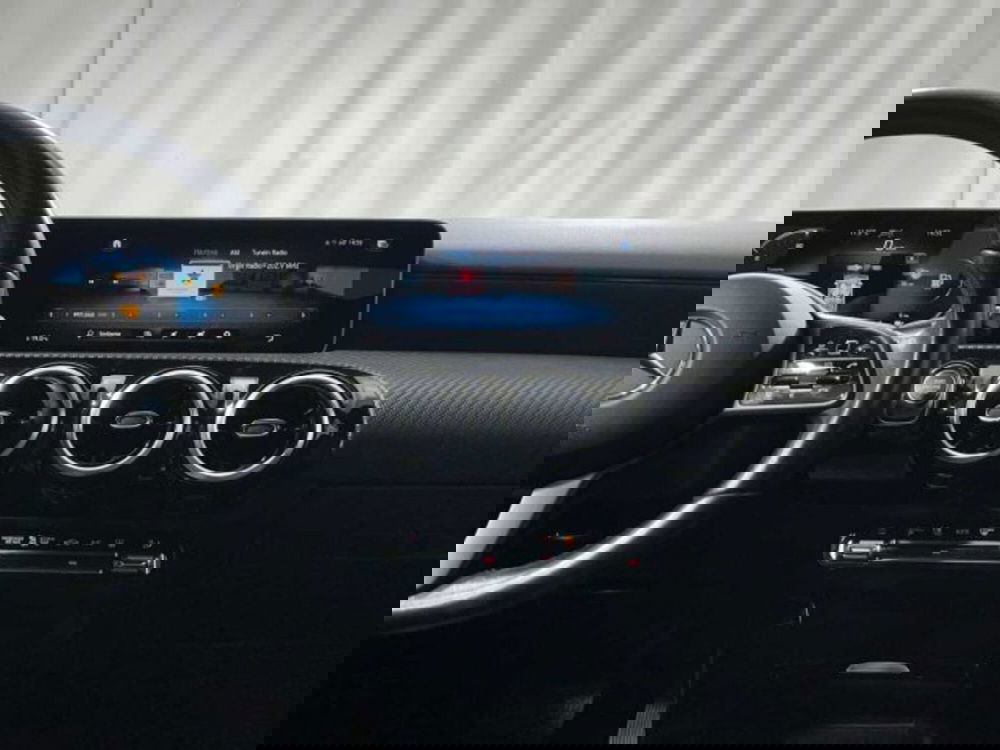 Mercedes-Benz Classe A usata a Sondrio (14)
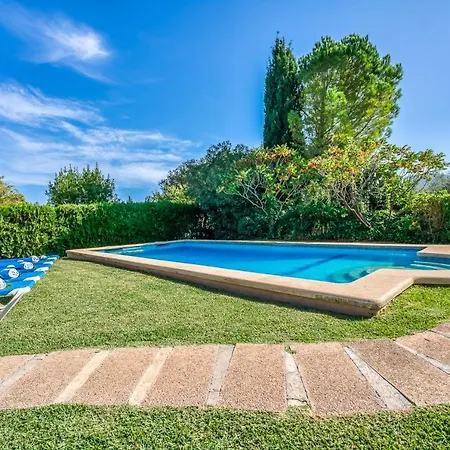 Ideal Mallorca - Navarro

#####

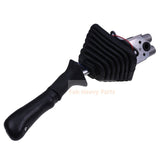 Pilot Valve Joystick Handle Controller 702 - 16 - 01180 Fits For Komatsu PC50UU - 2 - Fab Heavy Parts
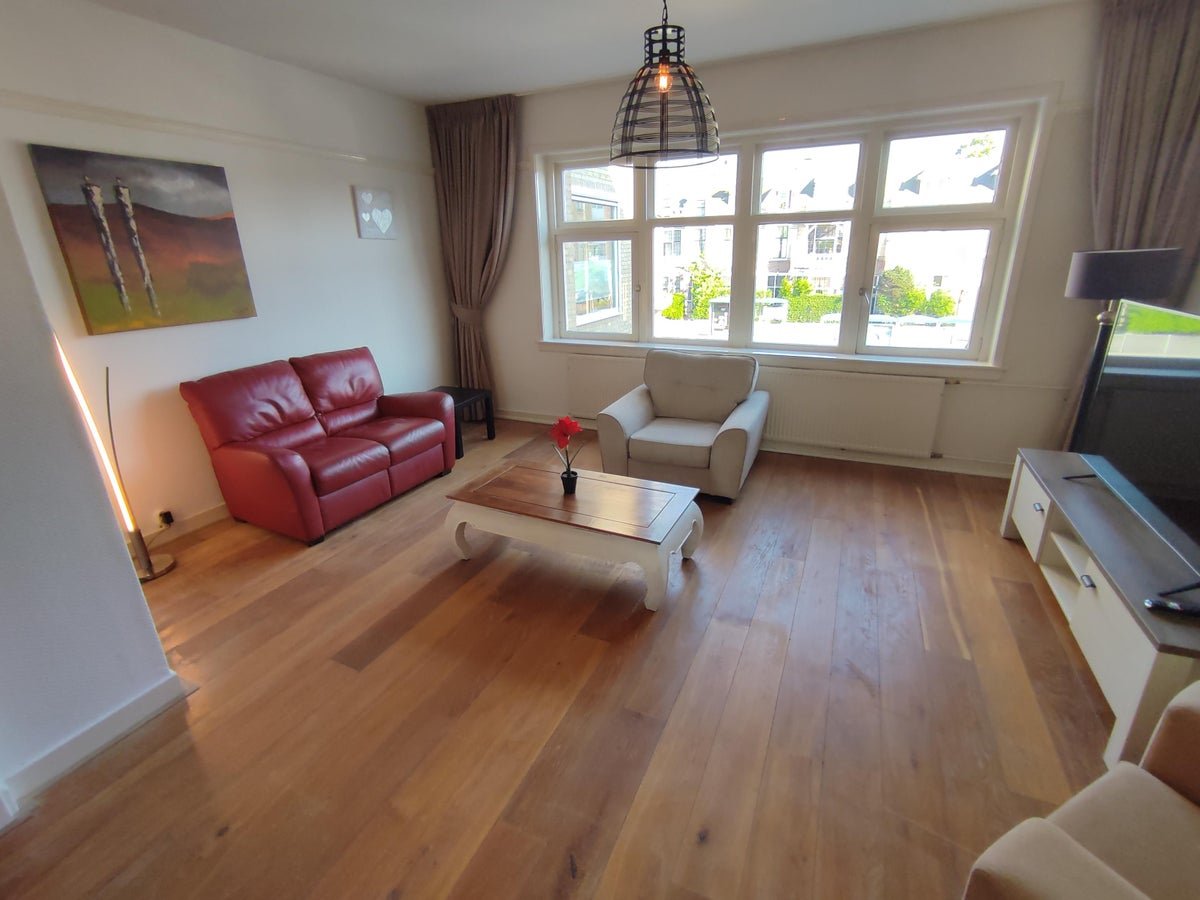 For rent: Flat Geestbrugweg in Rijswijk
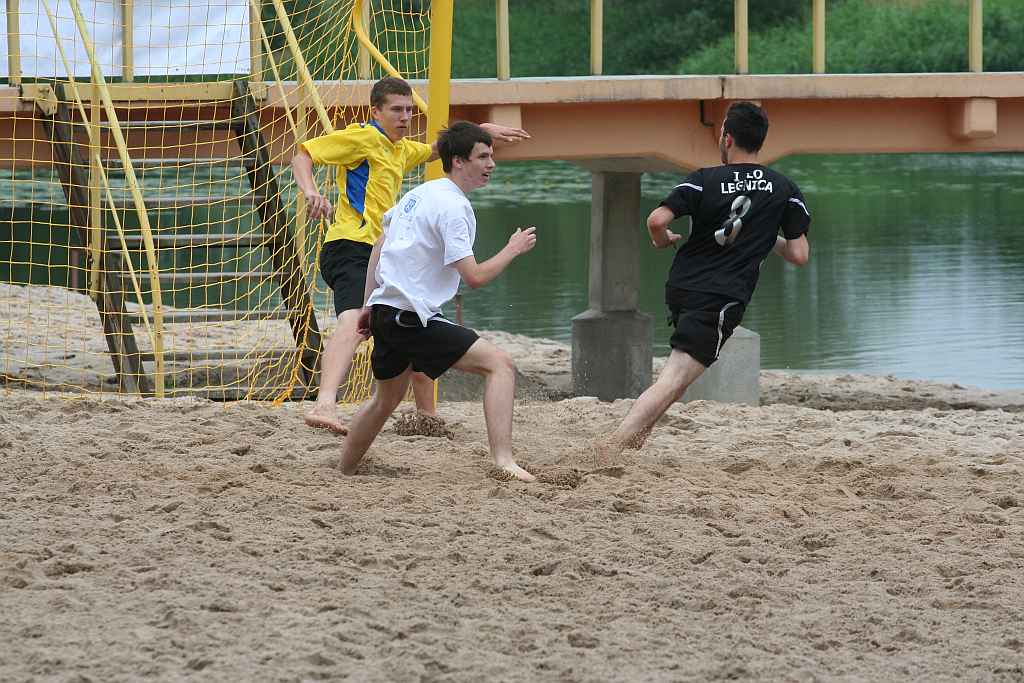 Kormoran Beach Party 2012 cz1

#####

Using the entries above, write out exactly the lines from the one with "For rent: Flat Geestbrugweg in Rijswijk" through the one with "Kormoran Beach Party 2012 cz1", ends included. Leave out any pictures.

> Solved exercise
 For rent: Flat Geestbrugweg in Rijswijk
 Kormoran Beach Party 2012 cz1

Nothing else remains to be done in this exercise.